▶ **WHAT THE TASK REQUIRES**
Gather from the material every line that contains the string "Stand".

====== MATERIAL SUPPLIED ======

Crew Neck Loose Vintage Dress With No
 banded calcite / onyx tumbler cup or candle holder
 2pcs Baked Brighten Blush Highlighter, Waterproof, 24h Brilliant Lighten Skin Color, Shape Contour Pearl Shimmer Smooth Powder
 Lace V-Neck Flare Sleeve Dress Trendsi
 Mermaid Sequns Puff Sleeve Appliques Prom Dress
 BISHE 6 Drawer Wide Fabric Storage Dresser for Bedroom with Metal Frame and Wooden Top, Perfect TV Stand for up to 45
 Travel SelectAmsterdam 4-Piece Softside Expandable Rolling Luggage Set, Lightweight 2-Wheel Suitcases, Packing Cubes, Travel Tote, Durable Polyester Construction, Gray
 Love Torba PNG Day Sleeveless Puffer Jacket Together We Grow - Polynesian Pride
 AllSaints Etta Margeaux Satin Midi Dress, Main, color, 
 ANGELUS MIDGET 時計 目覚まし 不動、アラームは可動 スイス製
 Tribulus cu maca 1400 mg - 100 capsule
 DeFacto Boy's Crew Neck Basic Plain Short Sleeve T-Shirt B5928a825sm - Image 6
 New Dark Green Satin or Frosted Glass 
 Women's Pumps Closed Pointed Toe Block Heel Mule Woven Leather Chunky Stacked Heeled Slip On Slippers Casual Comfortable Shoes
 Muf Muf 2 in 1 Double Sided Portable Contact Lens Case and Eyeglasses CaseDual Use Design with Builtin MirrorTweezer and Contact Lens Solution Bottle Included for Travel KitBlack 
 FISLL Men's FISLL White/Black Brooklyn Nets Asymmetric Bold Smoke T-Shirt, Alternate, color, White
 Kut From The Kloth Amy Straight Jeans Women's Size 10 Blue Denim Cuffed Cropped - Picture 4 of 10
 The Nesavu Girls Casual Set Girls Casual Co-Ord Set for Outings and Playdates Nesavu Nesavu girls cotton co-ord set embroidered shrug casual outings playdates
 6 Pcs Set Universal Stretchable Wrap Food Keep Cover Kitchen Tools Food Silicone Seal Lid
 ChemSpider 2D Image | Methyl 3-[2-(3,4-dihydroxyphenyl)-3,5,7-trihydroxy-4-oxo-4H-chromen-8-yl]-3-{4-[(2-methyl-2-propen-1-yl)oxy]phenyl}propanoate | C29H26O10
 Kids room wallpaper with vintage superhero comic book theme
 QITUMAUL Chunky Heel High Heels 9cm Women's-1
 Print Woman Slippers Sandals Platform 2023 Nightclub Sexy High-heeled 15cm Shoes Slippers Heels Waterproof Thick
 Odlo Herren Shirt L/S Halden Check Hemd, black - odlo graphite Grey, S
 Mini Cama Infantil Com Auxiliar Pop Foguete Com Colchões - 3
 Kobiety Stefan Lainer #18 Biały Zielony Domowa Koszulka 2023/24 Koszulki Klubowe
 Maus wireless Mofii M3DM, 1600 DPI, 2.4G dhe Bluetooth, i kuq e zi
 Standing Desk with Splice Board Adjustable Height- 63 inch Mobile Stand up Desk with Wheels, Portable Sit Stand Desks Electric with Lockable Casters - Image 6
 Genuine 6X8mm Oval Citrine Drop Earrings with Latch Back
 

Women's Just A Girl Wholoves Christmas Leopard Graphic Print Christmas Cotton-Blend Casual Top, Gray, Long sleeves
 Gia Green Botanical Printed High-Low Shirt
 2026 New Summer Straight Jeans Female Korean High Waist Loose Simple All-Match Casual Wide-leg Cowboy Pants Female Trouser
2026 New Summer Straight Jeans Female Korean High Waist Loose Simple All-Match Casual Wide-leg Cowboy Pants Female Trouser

======

▶ **SOLUTION TO THIS EXERCISE**
 BISHE 6 Drawer Wide Fabric Storage Dresser for Bedroom with Metal Frame and Wooden Top, Perfect TV Stand for up to 45
 Standing Desk with Splice Board Adjustable Height- 63 inch Mobile Stand up Desk with Wheels, Portable Sit Stand Desks Electric with Lockable Casters - Image 6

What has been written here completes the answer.